Homework 1: Quarto, Basic Syntax and Data Importing
Spring 2024 MATH/COSC 3570 Introduction to Data Science by Dr. Cheng-Han Yu
Author
Insert Your Name!!
Published
May 2, 2024
1 Autobiography
Please introduce yourself. You can share anything, your hometown, major, family, hobbies, working experience, honors and awards, special skills, etc, yes anything! Your autobiography should include:
At least two paragraphs (Paragraphs are separated by a blank line)
Bold text
Italic text
Text with both bold AND italic font (Not mentioned in class, but you should be able to figure it out)

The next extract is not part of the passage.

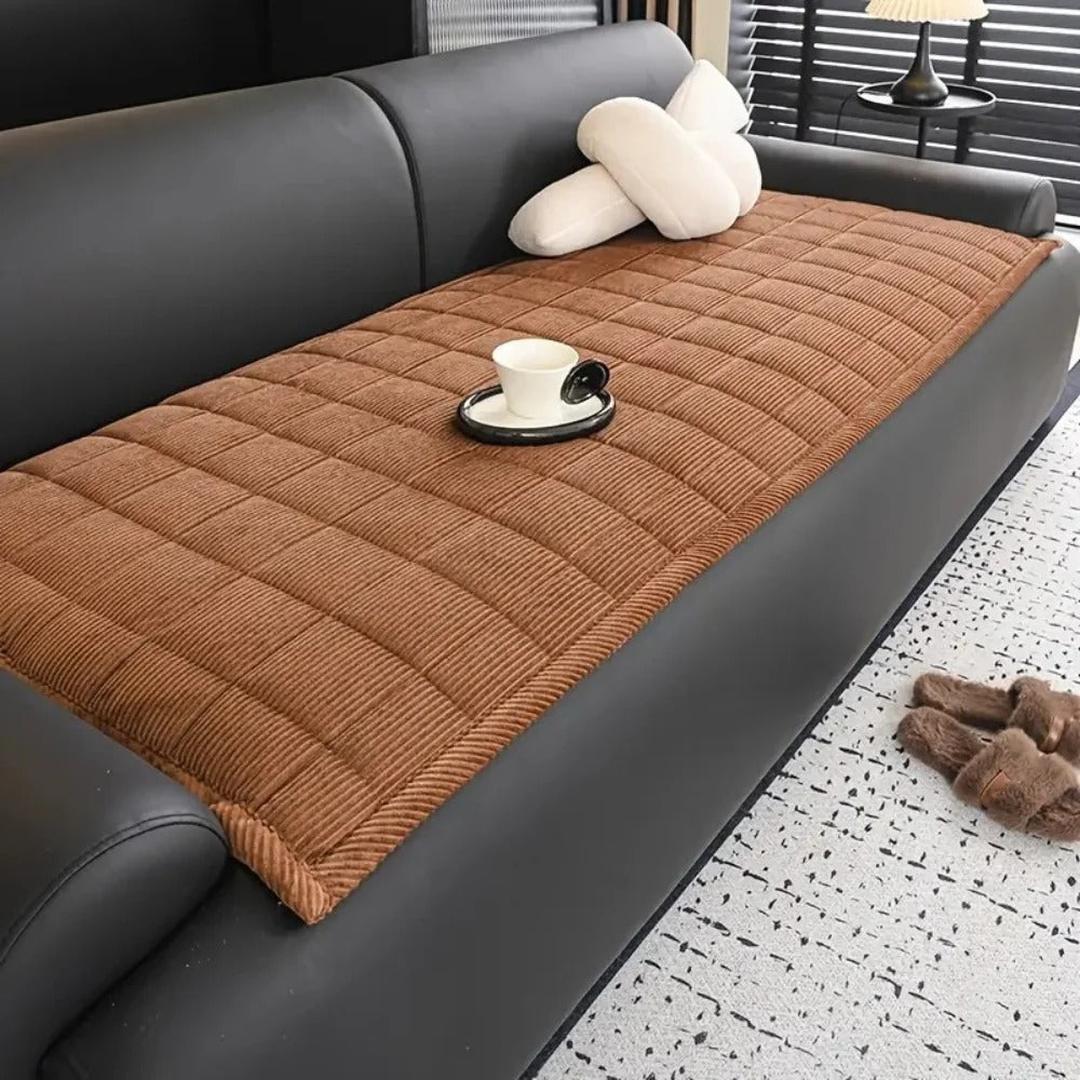 Linear Quilted Couch Cover Mat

Clickable text with a hyperlink
Blockquote
Listed items
emoji (Add emoji to your writing by typing :EMOJICODE:, check emoji cheatsheet)
Use the chunk option results in the chunk labelled cat, so that the text output is “I love Marquette and Data Science!”.

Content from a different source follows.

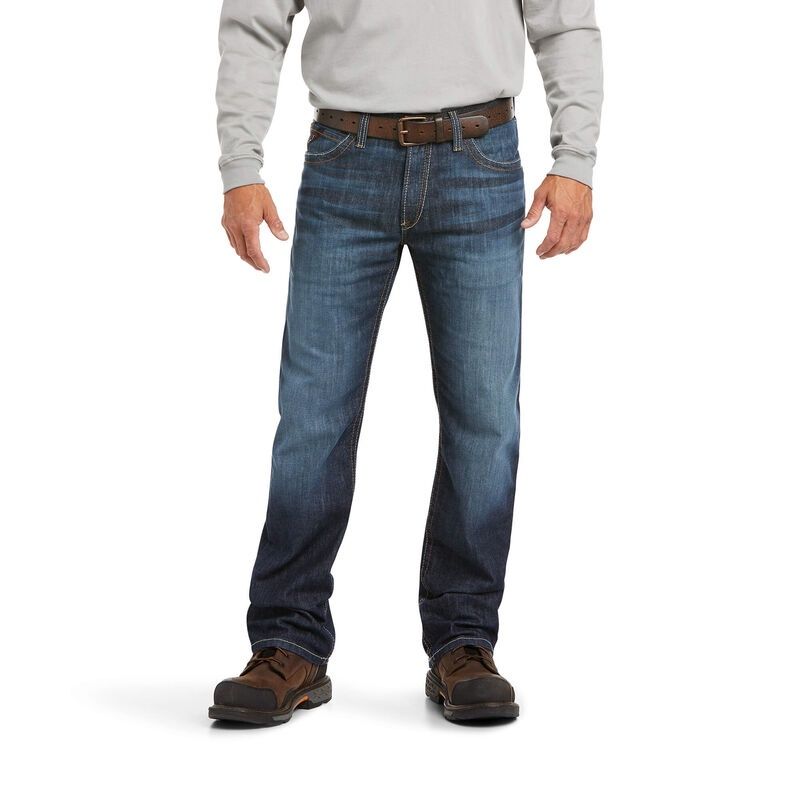 FR M4 RELAXED STRETCH DURALIGHT BASIC BOOTCUT | ARIAT 10023466, Color: DENIM, Size: 42 X 34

cat("I love **Marquette** and *Data Science*!\n")
I love **Marquette** and *Data Science*!
We can re-use a code chunk by using its name! Please create a code chunk and use the option #| label: photo to run the code in the code chunk named photo. Note that the chunk options are not carried.
3 Basic R
3.1 Vector
Use the built-in data set LakeHuron.
Find the number of data values in LakeHuron.

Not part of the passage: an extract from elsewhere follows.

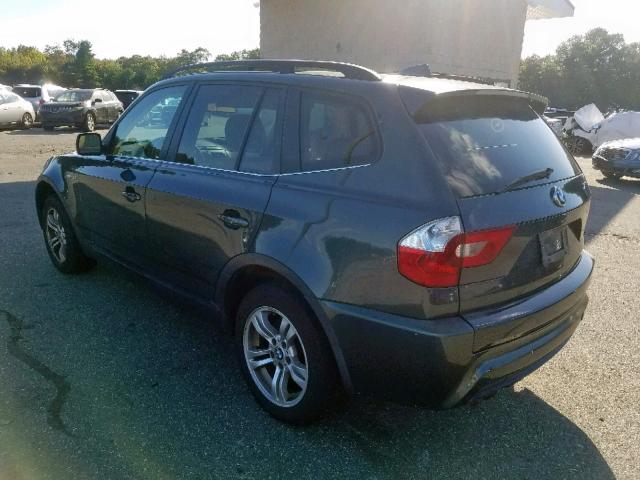 WBXPA93456WG76616 - 2006 BMW X3 3.0I GREEN photo 3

What is the highest and lowest level (in feet) of LakeHuron during the 1875-1972 period?
Return a logical vector that shows whether the lake level is higher than the average level or not.
Return years that have higher level than the average.
3.2 Data Frame
Make the mtcars dataset as a tibble using as_tibble(). Call it tbl.
Print the sub data of tbl that contains the 11th to 15th rows and the last three columns.
Grab the second and the third columns of tbl using list method and their name. (Do NOT use matrix method, and their index)
Extract the fourth column of tbl as a numerical vector.
Start with tbl, use the pipe operator |> to do the followings sequentially.
extract the first 10 observations (rows)
find the column names
sort the columns names using sort() in a decreasing order. (alphabetically from z to a)
3.3 Data Importing
Read the data sales.xlsx from the data folder. Use arguments sheet, skip and col_names so that the output looks like
# A tibble: 9 x 2
id n
<chr> <chr>
1 Brand 1 n
2 1234 8
3 8721 2
4 1822 3
5 Brand 2 n
6 3333 1
# … with 3 more rows
Read in the favourite-food.xlsx file from the data folder and call the data fav_food. Use the argument na to treat “N/A” and “99999” as a missing value. Print the data out.
4 Basic Python
import numpy as npimport pandas as pd
4.1 Data Frame
Import the data set mtcars.csv using pd.read_csv(). Then print the first five rows.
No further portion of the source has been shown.